Datacenter servers running latency-critical online applications such as web search and social network are often underutilized as they are (over)provisioned for unpredictable peak service demand. This in turn hurts energy efficiency and thus the total cost of ownership (TCO) due to poor energy proportionality of contemporary servers. To improve energy efficiency, we may consider to deploy aggressive power management policies and run latency-critical applications with latency-agnostic, throughput applications. Such approaches, however, prone to violations of service-level agreement (SLA) whenever servers need to change performance and power states, which prevents servers from performing any tasks for a notable amount of time, and co-running throughput applications generate block I/O requests, which severely interferes with memory requests from latency-critical applications at the memory subsystem.

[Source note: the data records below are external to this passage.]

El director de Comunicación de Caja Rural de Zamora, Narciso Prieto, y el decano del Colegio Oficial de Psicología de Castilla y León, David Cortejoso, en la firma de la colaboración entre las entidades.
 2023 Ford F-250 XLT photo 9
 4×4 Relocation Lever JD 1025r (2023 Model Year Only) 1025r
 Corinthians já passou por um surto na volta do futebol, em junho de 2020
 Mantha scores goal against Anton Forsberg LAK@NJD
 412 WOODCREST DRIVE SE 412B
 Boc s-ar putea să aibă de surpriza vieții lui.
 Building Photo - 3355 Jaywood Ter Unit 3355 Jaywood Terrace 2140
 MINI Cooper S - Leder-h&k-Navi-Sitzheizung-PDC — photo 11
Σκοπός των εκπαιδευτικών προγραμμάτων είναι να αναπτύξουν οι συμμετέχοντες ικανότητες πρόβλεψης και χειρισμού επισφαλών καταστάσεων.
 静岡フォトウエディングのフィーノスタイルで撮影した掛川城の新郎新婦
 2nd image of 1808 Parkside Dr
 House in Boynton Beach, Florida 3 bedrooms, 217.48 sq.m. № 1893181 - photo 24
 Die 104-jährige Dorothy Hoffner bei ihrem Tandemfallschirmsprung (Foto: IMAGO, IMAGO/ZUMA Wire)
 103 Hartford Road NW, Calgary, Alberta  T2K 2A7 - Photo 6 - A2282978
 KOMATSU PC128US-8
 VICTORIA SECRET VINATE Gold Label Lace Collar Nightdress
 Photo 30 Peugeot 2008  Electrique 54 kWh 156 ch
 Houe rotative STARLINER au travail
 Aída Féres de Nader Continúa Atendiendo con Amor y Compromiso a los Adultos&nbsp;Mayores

In this talk , tackling these challenges, I will present two techniques dubbed NCAP and CLAUD. More specifically, NCAP and CLAUD exploit the fact that the rate of network packets encapsulating requests from clients can significantly affect the utilization of datacenter servers. Thus, we propose to enhance network interface cards (NICs) and NIC drivers to measure the rate of latency-critical network packets and send special interrupts to the operating system when the rate exceeds certain values. The special interrupts allow (1) NCAP to preemptively change performance and power states of servers and (2) CLAUD to proactively throttle block I/O requests from co-running throughput applications. NCAP and CLAUD in turn allow datacenter operators to more aggressively deploy power management policies and/or run latency-critical applications with throughput applications without violating SLAs.

Bio

Nam Sung Kim is an IEEE Fellow and an Associate Professor at the University of Illinois, Urbana-Champaign and. Prior to joining the University of Illinois in the fall of 2015, He was an Associate Professor at the University of Wisconsin, Madison where he was early-tenured in 2013. His interdisciplinary research incorporates device, circuit, architecture, and software for power-efficient computing. Prior to joining the University of Wisconsin, Madison, he was a senior research scientist at Intel from 2004 to 2008, where he conducted research in power-efficient digital circuit and process architecture. He has published nearly 160 refereed articles to highly-selective conferences and journals in the field of digital circuit, processor architecture, and computer-aided design. The top three most frequently cited papers have more than 3500 citations and the total number of citations of all his papers exceeds 6800. He is a recipient of the IEEE Design Automation Conference (DAC) Student Design Contest Award in 2001, Intel Fellowship in 2002, IEEE International Symposium on Microarchitecture (MICRO) Best Paper Award in 2003, NSF CAREER Award in 2010, IBM Faculty Award in 2011 and 2012, and  University of Wisconsin Villas Associates Award in 2015. I am a member of IEEE International Symposium on High-Performance Computer Architecture (HPCA) Hall of Fame and IEEE International Symposium on Microarchitecture (MICRO) Hall of Fame.